New Study: High School History Textbooks Are Inadequate
Chester E. Finn, Jr., on the website of the Fordham Institute; from the foreword to A Consumer's Guide to High School History Textbooks (Feb. 2004):
Within days of the terrorist attacks of September 11, 2001, major textbook publishers began scrambling to revise their high school history texts to include information about 9/11. An understandable, even commendable impulse, but it went badly. Because these hasty updates or supplements had to be written by early 2002 in order to be included in the 2003 editions of the textbooks—publishing timelines are nothing if not long and slow—by the time they reached classrooms just about all the information in them was obsolete.
Far more troubling, because textbook publishers bend over backwards not to offend anybody or upset special interest groups, the 9/11 information, like so much else in today's history texts, was simplified and sanitized. The reader would scarcely learn that anybody in particular had organized these savage attacks on innocent Americans and citizens of 80 other nations, much less why. The impression given by most textbooks was more like"a terrible thing happened"—reminiscent of the two-year-old gazing upon the shards of his mother's shattered glass vase and saying"It broke."
I've dubbed such verb usages the"irresponsible impersonal" voice and, regrettably, they're more norm than exception in U.S. history textbooks. As with the vase breaking, things happen in these books (though not necessarily in chronological order), but not because anybody causes them. Hence, nobody deserves admiration or contempt for having done something incredibly wonderful or abominably evil.

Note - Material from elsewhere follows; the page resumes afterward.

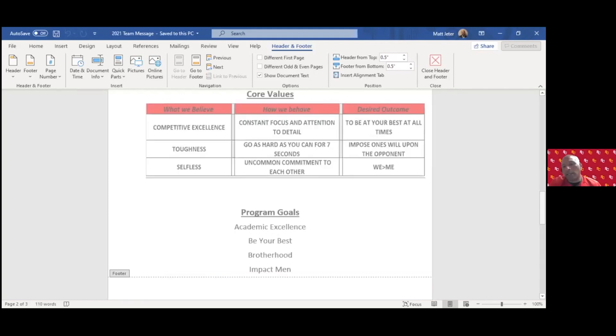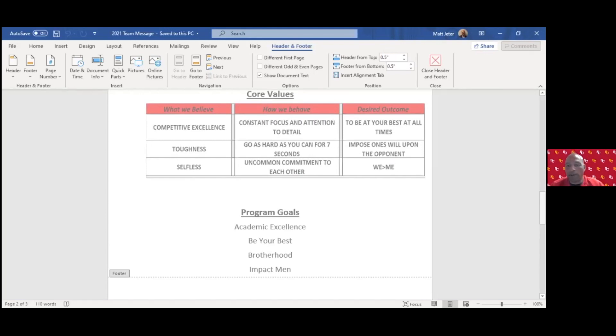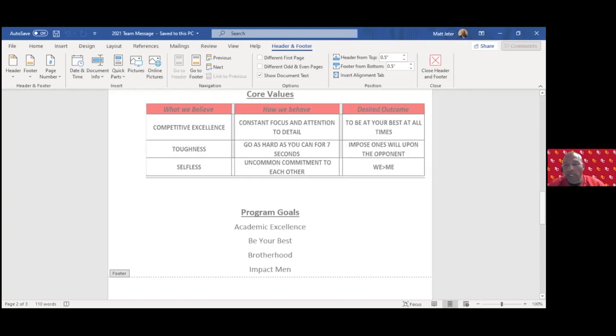I wanted to take care of things first before they even got to the head coach. I want the coaches to be the head football coach of your unit. Our core values are competitive excellence, toughness, and selfless. Program goals: academic excellence, be your best, brotherhood, and impact men. We had three weeks where we talked about competitive excellence, toughness, and selfless the whole week.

No judgments need be made. (To judge, after all, might upset a person or group who disagrees with the judgment or dislikes the way it makes them or their ancestors look.) The result: fat, dull, boring books that mention everything but explain practically nothing; plenty of information but no sorting, prioritizing, or evaluating; and a collective loss of American memory.
World-history texts present similar problems. It's hard to name a culture or era that doesn't turn up somewhere in these sprawling compilations, but no real story is told. There's no thread, no priorities, no winnowing of the important from the trivial, the history-shaping from the incidental. It's as if a car's chrome trim and speaker system were equivalent to its chassis and engine.
Why does this matter? Some successful countries— Japan and Singapore come to mind—get by fine with slender curriculum guides rather than enormous textbooks. That's because their teachers are subject-matter experts in fields like history and, when supplied with guidance about what state or national standard-setters deem most important, can easily generate their own lessons and find their own materials. They don't depend on textbooks except as reference works.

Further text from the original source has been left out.